The CVB "is not a unit or instrumentality of the state government or of a political subdivision and, therefore, is not legally obligated under the Maryland Public Information Act to comply with the requests for documentation," he wrote.

While the bureau has met requests for copies of its budget and its board membership listing, "As more requests for records are being made, however, particularly requests for salary information, the CVB is becoming concerned about the ramifications of providing such information and its exposure to potential liability," DiGirolamo said in a letter.

"The CVB is considering your request for records as contained in the aforementioned correspondence and will respond to you in the near future in regard to whether or not it is in a position to produce the requested records."

Mary R. Craig, the newspaper's attorney, said the bureau's lawyer may be correct and that the requested information does not legally have to be handed over.

After examining the county bylaws and articles of incorporation creating the bureau as a non-stock corporation, Craig said the bureau's status is not a legal issue so much as an ethical one.

She questioned the wisdom of having the county set up a group that gets hotel tax funds, but does not have to disclose how the money is spent. The result of the structure is that there is no accountability, she said.

On Oct. 31, The Herald-Mail filed a Maryland Public Information Act request to obtain information on Hart's salary and benefits package, and a copy of his letter of resignation.

Vitkun has said he did not want to publicly release Hart's salary until he confirms he can do so without running a risk of being sued.

In 1997, Hart's first year at the bureau, his salary was reported as $50,000.

On Nov. 5, the newspaper filed a Maryland Public Information Act request for Hart's travel and expense account receipts and records.

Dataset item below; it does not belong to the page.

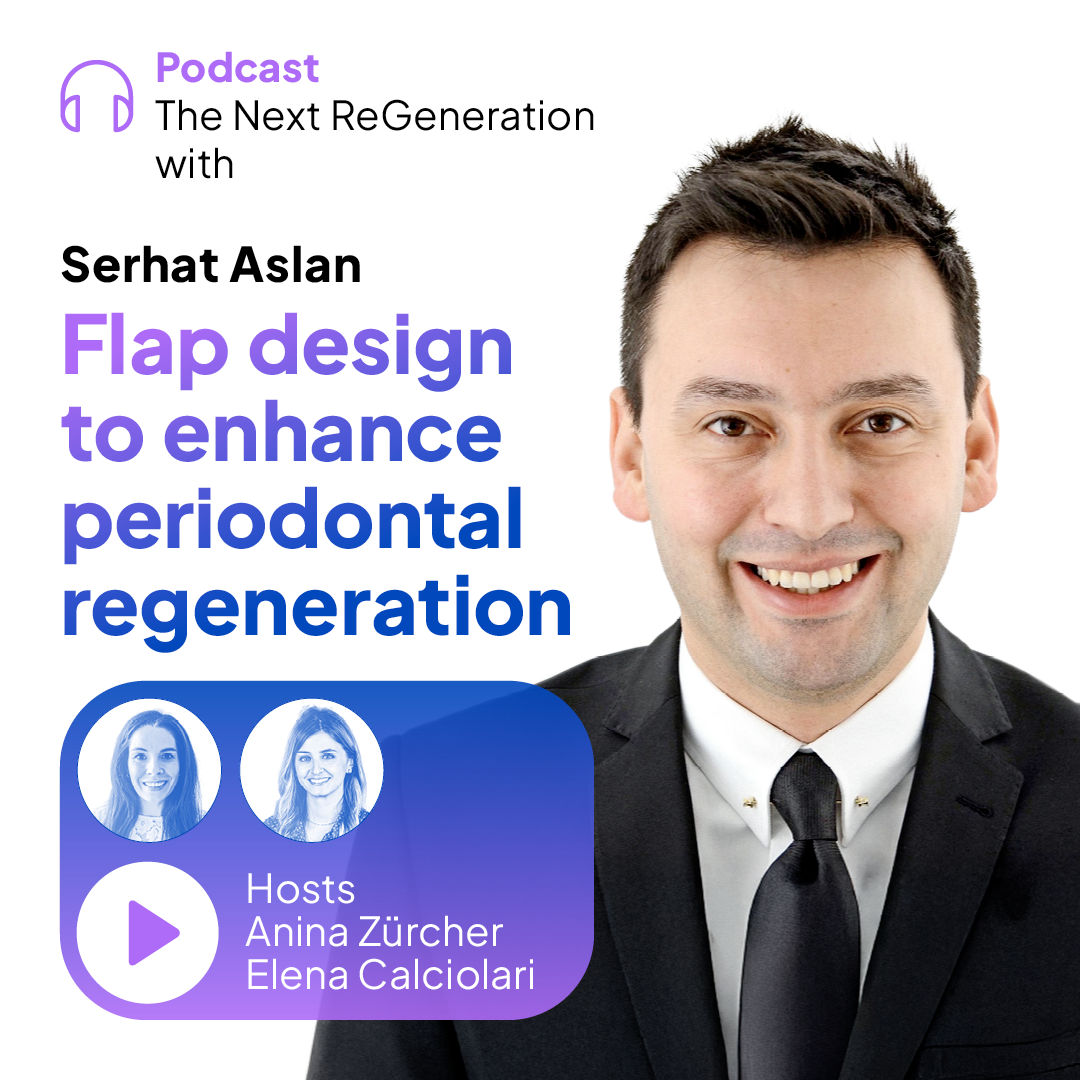 Flap design to enhance periodontal regeneration with Serhat Aslan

The Convention and Visitors Bureau was an arm of Washington County government until July 1, 1997, when it became a private enterprise. The main reason the bureau was privatized was because some members wanted more of its money spent on promotion and marketing and less on administrative costs.

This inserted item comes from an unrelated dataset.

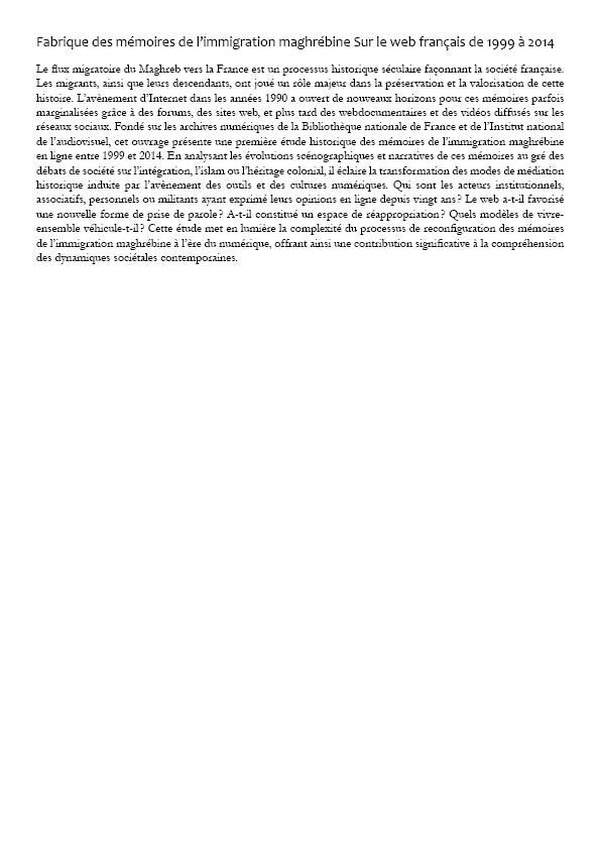 Quatrième de couverture de « La fabrique des mémoires de l'immigration maghrébine sur le web français de 1999 à 2014 »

As executive director, Hart was responsible for all operational and administrative aspects of the CVB, including marketing, sales and public relations.

Hart was placed on paid administrative leave Oct. 16 after a bureau checking account showed more activity than it should have, Vitkun said.

Hart has not responded to requests for comments on his resignation and the allegations against him.

The Hagerstown Police Department has confirmed it is conducting an investigation at the request of the Convention and Visitors Bureau.

On Monday, Lt. Rick Johnson said the police are conferring with the Washington County State's Attorney's Office on the case.

A letter to Hart dated Oct. 27 and signed by Vitkun said in part, "After further investigation and consideration of the facts in this matter, the Board of Directors has made the decision to terminate your employment effective 10/27/03." The letter continued, "This action is taken in accordance with section 9, termination of your employment agreement.

"This section refers to misconduct as applied to all CVB employees and outlined in the current Policies and Procedures Manual specifically lists in item number 4, theft, pilfering, fraud or other forms of dishonesty," the letter said.

Vitkun provided a copy of the termination letter to The Herald-Mail after the newspaper asked for Hart's resignation letter.